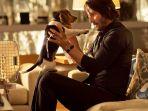 john-wick-penyanyang-anjing.jpg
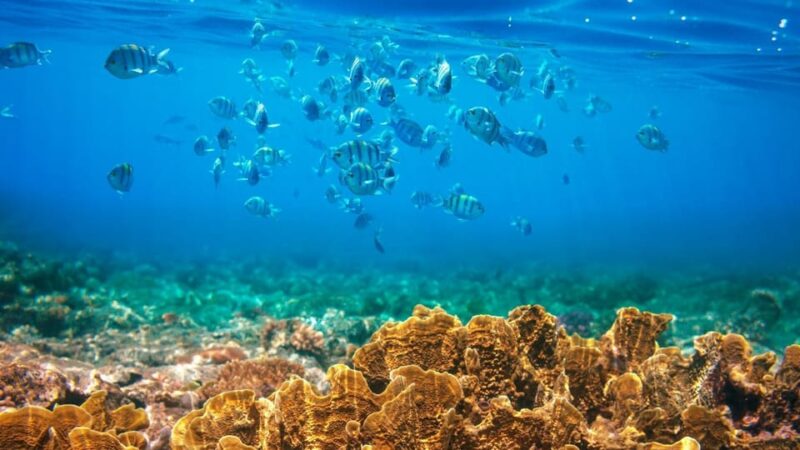 RedRiverTour - Discovery 3 Islets, Snorkeling By Speedboat - Included Services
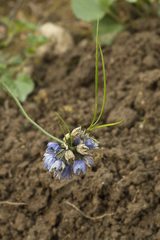 Allium sikkimense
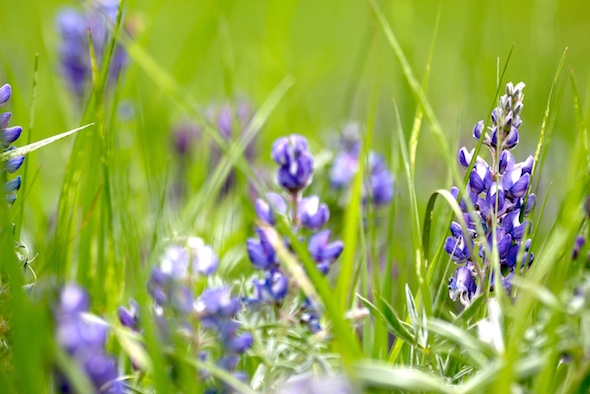 web_lupin_yh_kd_IMG_2696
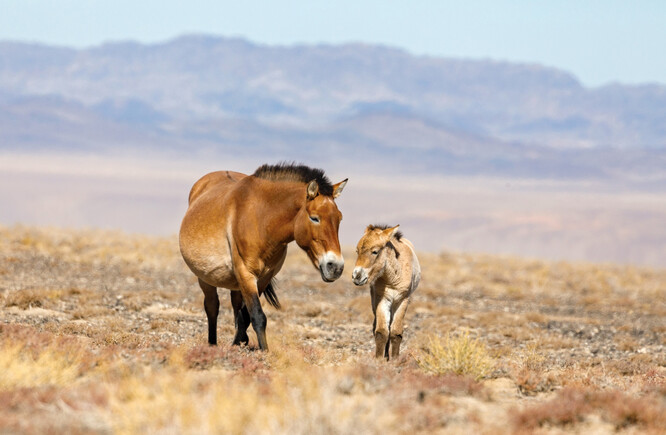 Koně Převalského se úspěšně vrátili do západního a středního Mongolska. Chystaný projekt se zaměří na východ země.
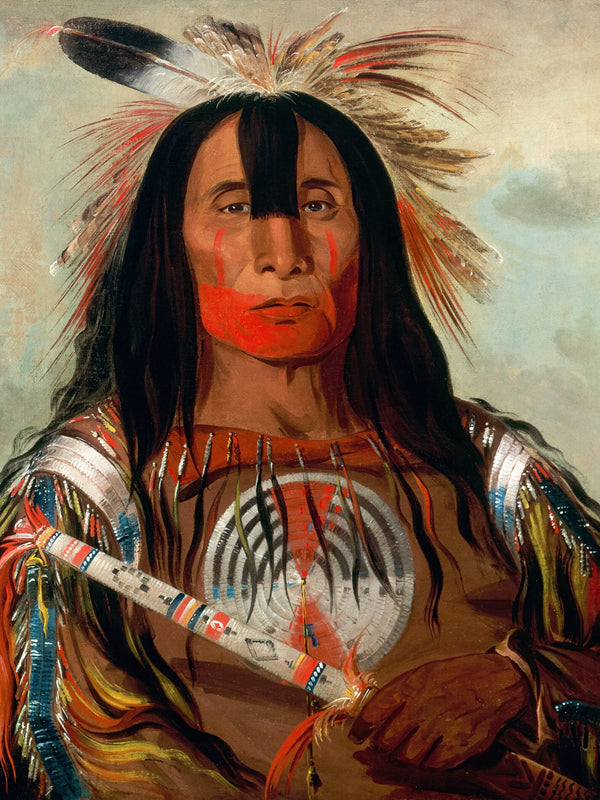 George Catlin — Blood Leader Stu-mick-o-súcks | Fine Art Print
-------
Retype every entry above exactly and, please, skip the pictures.

 john-wick-penyanyang-anjing.jpg
 RedRiverTour - Discovery 3 Islets, Snorkeling By Speedboat - Included Services
 Allium sikkimense
 web_lupin_yh_kd_IMG_2696
 Koně Převalského se úspěšně vrátili do západního a středního Mongolska. Chystaný projekt se zaměří na východ země.
 George Catlin — Blood Leader Stu-mick-o-súcks | Fine Art Print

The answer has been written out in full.